1. G minor. Allegretto: The opening piece is in ternary form with a coda. The A section in G minor uses two-note phrases.
2. C major. Andante con moto: This bagatelle uses a simple two-part structure ending with a short coda. There are two rhythmic ideas in this work: eighth notes and triplets as the melody.
3. D major. A l'Allemande: The form is ABA with an animated coda.
4. A major. Andante cantabile: This piece uses a brief ternary form with repeats at measures 8 and 16.
5. C minor. Risoluto: The structure is ABC, with A and B having 1 repeat.
6. G major. Andante — Allegretto: The piece opens with the Andante, which includes a cadenza styled passage after the fermata. The Allegretto section uses a general rhyme of two sixteenth notes and one eighth note. This section climaxes at a sudden change in the meter with rhythmic diminution, which leads into the 6/8 section. The 6/8 section uses a new rhythm of six 16th notes ending on an 8th note, before returning to a 2/4 time signature and ending the piece with the theme from the Allegretto.
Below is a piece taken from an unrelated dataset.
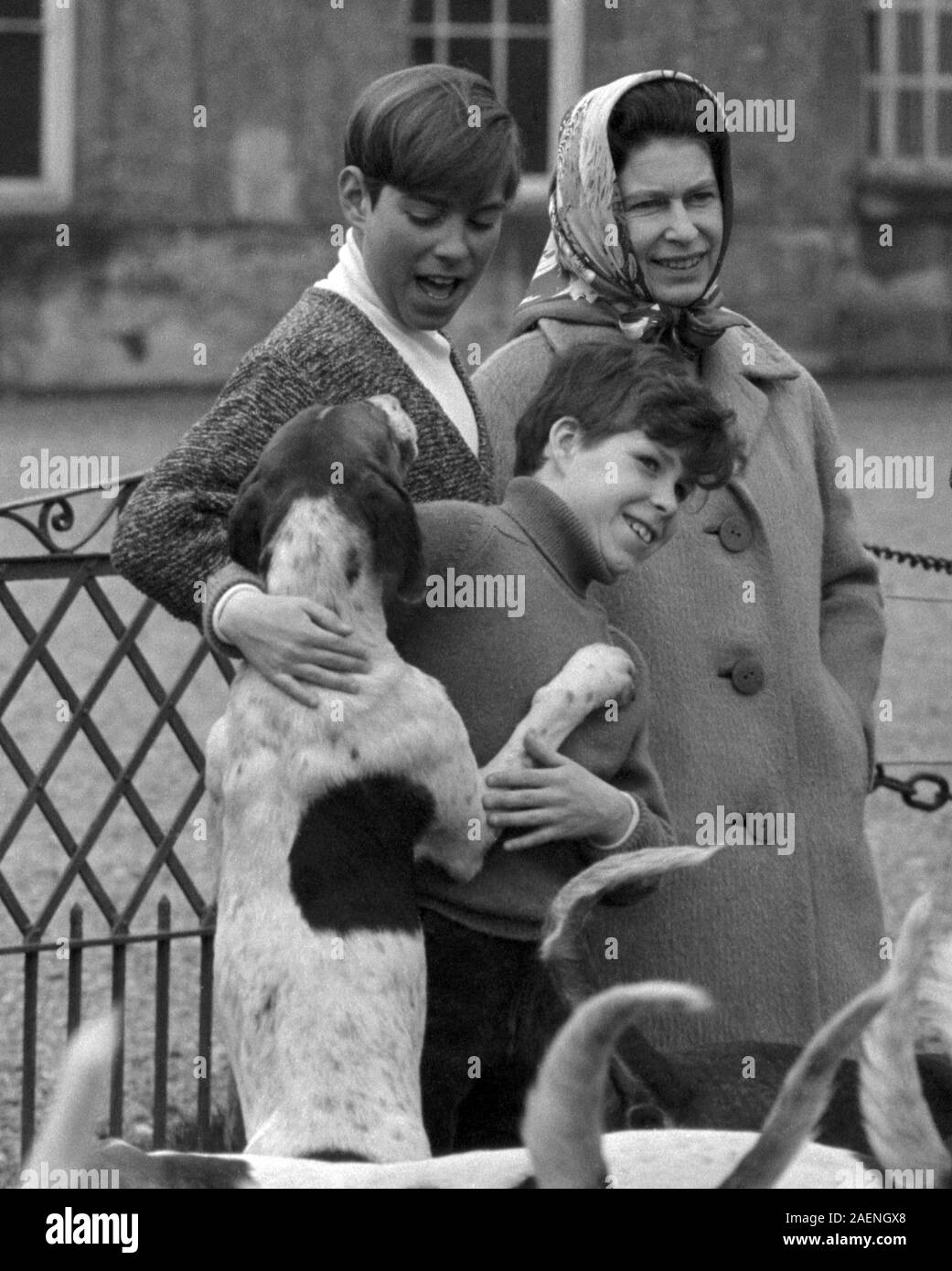 Queen Elizabeth II alongside Prince Andrew (left, taller) and his cousin Viscount-Linley play with hounds of the Duke of Beaufort, at a cross-country event at Badminton. Stock Photo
7. C major. Allegro, ma non troppo: The structure is ABA. Beethoven uses less conventional musical ideas that also appear in his late piano sonatas, such as progressive rhythmic diminution with sustained trills.
8. C major. Moderato cantabile: The eighth bagatelle's structure is AB, with each part having one repeat.
9. A minor. Vivace moderato: This bagatelle is a waltz, and uses ternary form without a coda. The piece is uses the following harmonic progression of I – ♭II6- V7 – I.
10. A major. Allegramente: The shortest piece Beethoven published at just 13 measures long. The piece uses two four-bar phrases and ends with a four-bar coda.
11. B♭ major. Andante, ma non troppo: The final piece in the set is in binary form with a codetta. The first four bars repeat once. This bagatelle highlighted Beethoven’s late compositional style.